For this exercise, output the entries below exactly from the line that holds "After that, click" to the line that holds "Teresa looks up", both ends included. No pictures belong in the copy.

**Dataset items**
Segment Open
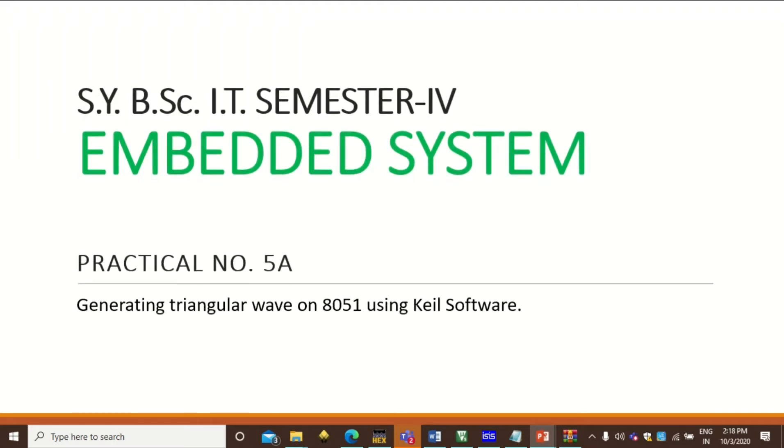Hello friends, welcome to the SYBCIT Semester 4 Embedded System Practicals. Today's practical is to generate a triangular wave on 8051 microcontroller using Keil software.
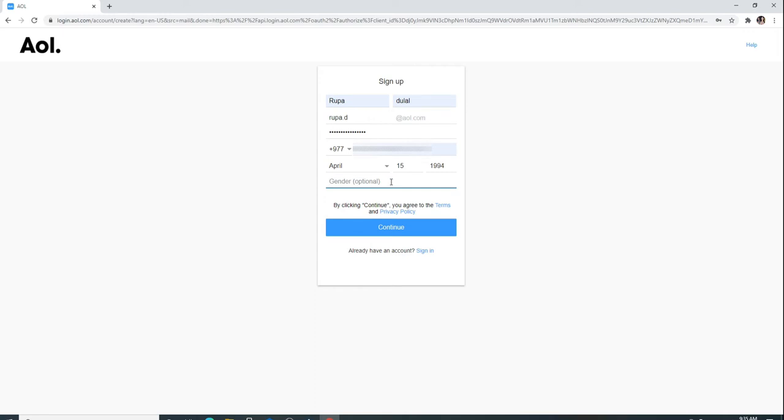After that, click on the continue button. By clicking continue, you agree to the terms and privacy policy of AOL Mail.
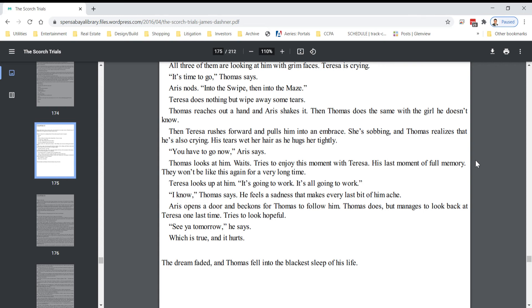Teresa looks up at him. It's going to work. It's all going to work. I know, Thomas says. He feels a sadness that makes every last bit of him ache.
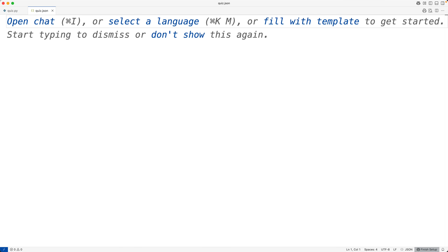In this video, we're going to learn how to make a quiz game where the questions and answers have been stored in an external JSON file using Python. JSON stands for JavaScript Object Notation. It's a very common file format for things like exchanging data, configuration files, and just storing data in general.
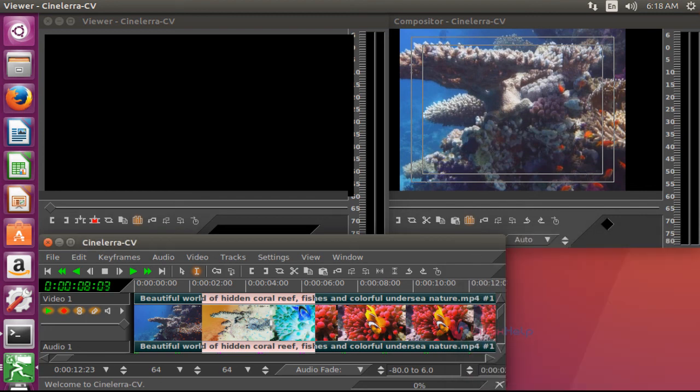And this is the method to edit video by using the CineLara video editing tool. It's also very simple to use. Thank you for watching.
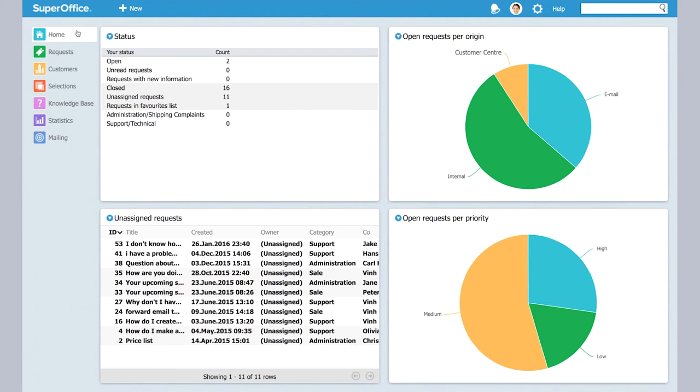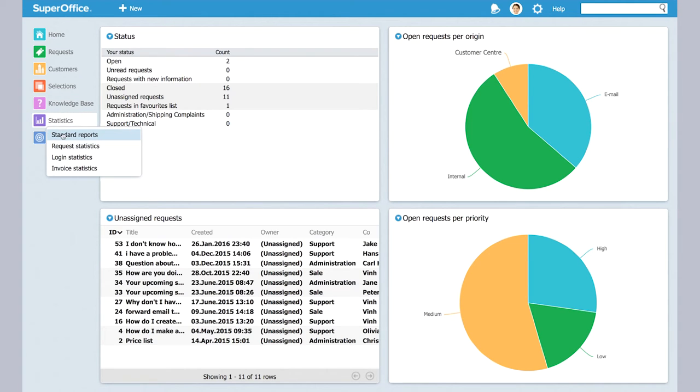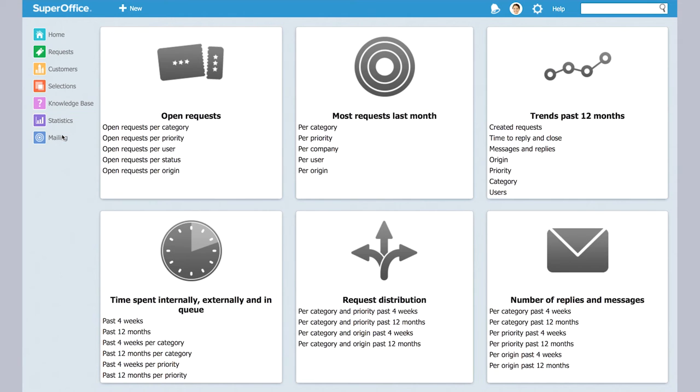To find these reports, you look under statistics. Here you see an option called standard reports, and when you press this you'll get to a dashboard of lots of interesting and fun standard reports that you can look at.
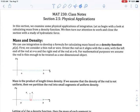Section 2.5 on physical applications. I consider this to be probably one of the more difficult sections in this chapter, not because the calculus is difficult, but there's just a lot of conceptual development. So the first thing we're going to talk about is mass and density.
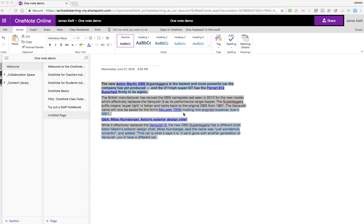In this week's video we're looking at Immersive Reader. It's a tool available in a number of Office 365 online packages including OneNote Online, Word Online, Outlook Online, and it's also available on the OneNote desktop. It's also available as an add-on on the latest Edge browser, and I'll put a link in the description that shows you how else it's available.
Segment Closed
**Response for this exercise**
After that, click on the continue button. By clicking continue, you agree to the terms and privacy policy of AOL Mail.
Teresa looks up at him. It's going to work. It's all going to work. I know, Thomas says. He feels a sadness that makes every last bit of him ache.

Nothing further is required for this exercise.